Al Nazareno il “modello Mamdani” acuisce la faida interna
Questa dicotomia, sulla quale la segretaria dem ha sorvolato, è tornata nelle varie dichiarazioni arrivate dal suo partito. E così la scelta di buttarsi sul carro di Mamdani si è subito trasformata in una nuova occasione per frecciate, distinguo e veleni tra ala radicale e riformisti. «La sinistra vince quando fa la sinistra», ha detto Laura Boldrini, la quale ha citato Obama per dire che «oggi il futuro sembra un po’ più luminoso”. E non solo il futuro degli Usa». Per Simona Malpezzi, invece, la notte elettorale americana è «la conferma della forza di un partito plurale, capace di unire anime diverse in una visione comune di progresso, diritti e futuro». Più rivelatrice ancora di come la faida sia acuita e non smorzata dall’inseguimento del modello Mamdani, però, è stata la dichiarazione del deputato di strettissima osservanza schleiniana Marco Furfaro, che dopo aver cantato le lodi del nuovo sindaco di New York e della sua campagna ha sottolineato che un risultato come quello si raggiunge «ascoltando, camminando, rispondendo ai problemi veri, non alle chiacchiere dei talk show o alle lezioni di chi da trent’anni perde le elezioni e continua a spiegarti come si vince».

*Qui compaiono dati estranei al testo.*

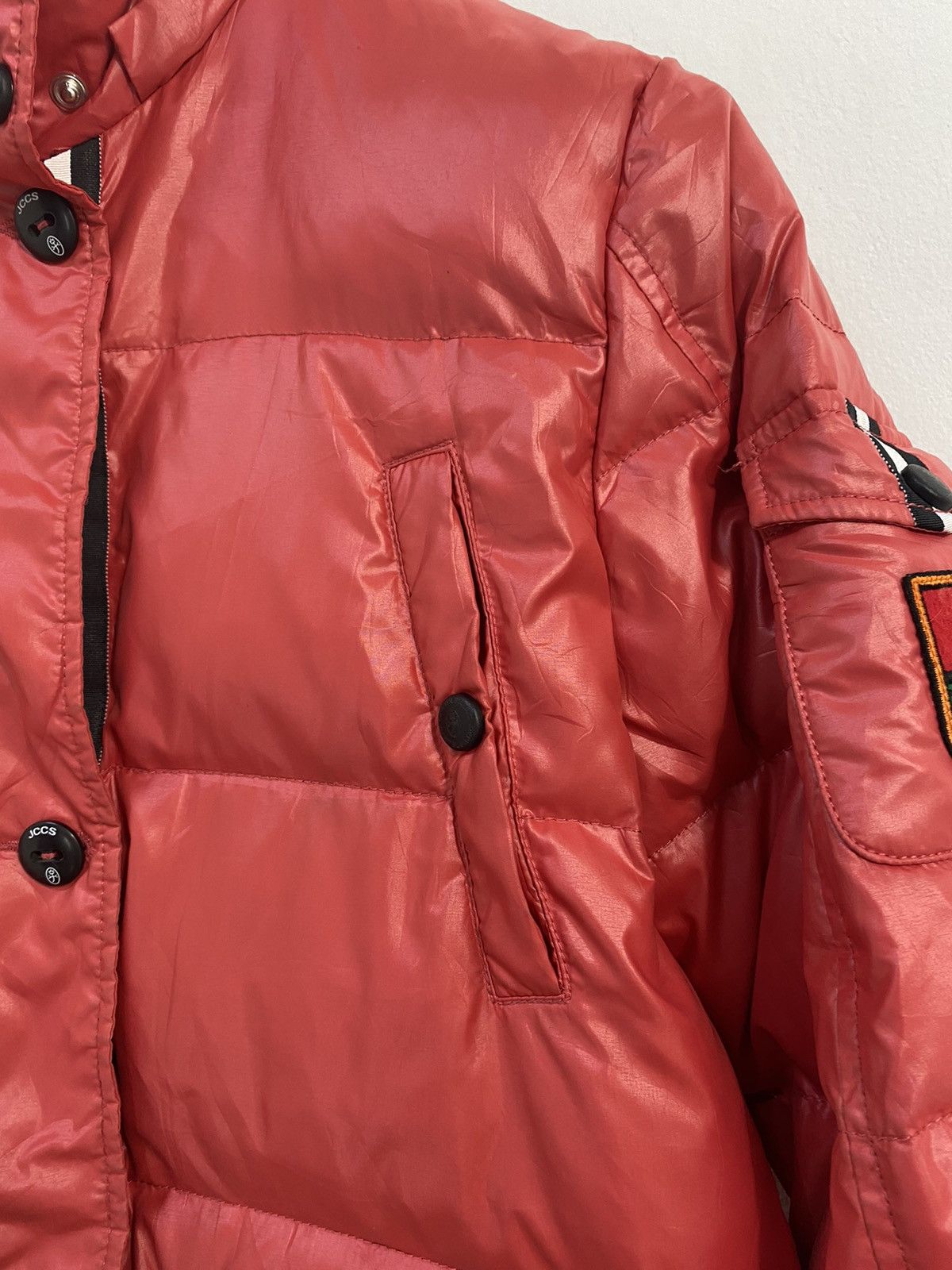 Jean Charles De Castelbajac Jean De Castelbajac Puffer Jacket Bomber Design Size US S / EU 44-46 / 1 - 5 Thumbnail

Scalfarotto parla delle debolezze strategiche dei dem Usa. Forse…
Si sarà voluto riferire più ai riformisti Pd o ai partiti centristi dell’opposizione? Quale che sia la risposta, pure Italia Viva ha letto il voto americano dal suo punto di vista. «Mamdani mi sembra più o meno l’altra faccia di Trump», ha commentato il senatore renziano, Ivan Scalfarotto. «Vedo un paese spaccato in due come una mela, visto che parliamo di New York. Non so quanto questo faccia bene agli Stati Uniti. Se poi pensiamo che, nello stesso giorno, in Virginia e New Jersey i dem hanno eletto due moderate, c’è da pensare che i Democratici non abbiano ancora elaborato una strategia precisa per organizzare una opposizione vera a Trump», ha aggiunto. E, anche qui si pone una domanda: parla solo dei dem Usa o parla dei dem Usa perché i dem italiani intendano?
Ciriani: «Al momento non mi pare un campanello d’allarme per Trump»
Da destra è stato il ministro per i Rapporti con il Parlamento, Luca Ciriani, a commentare, rispondendo a una domanda nel corso della trasmissione Ping Pong su Rai Radio 1. «Prendiamo atto che New York ha fatto una scelta di sinistra-sinistra, come diremmo qui in Italia, è un sindaco islamico, con posizioni radicali. Però New York non rappresenta gli Stati Uniti profondi e il popolo americano nella sua interezza», ha detto, avvertendo che «tenderei ad aspettare almeno le elezioni di medio termine prima di dare un giudizio. Al momento direi che non è un campanello d’allarme per l’ala conservatrice».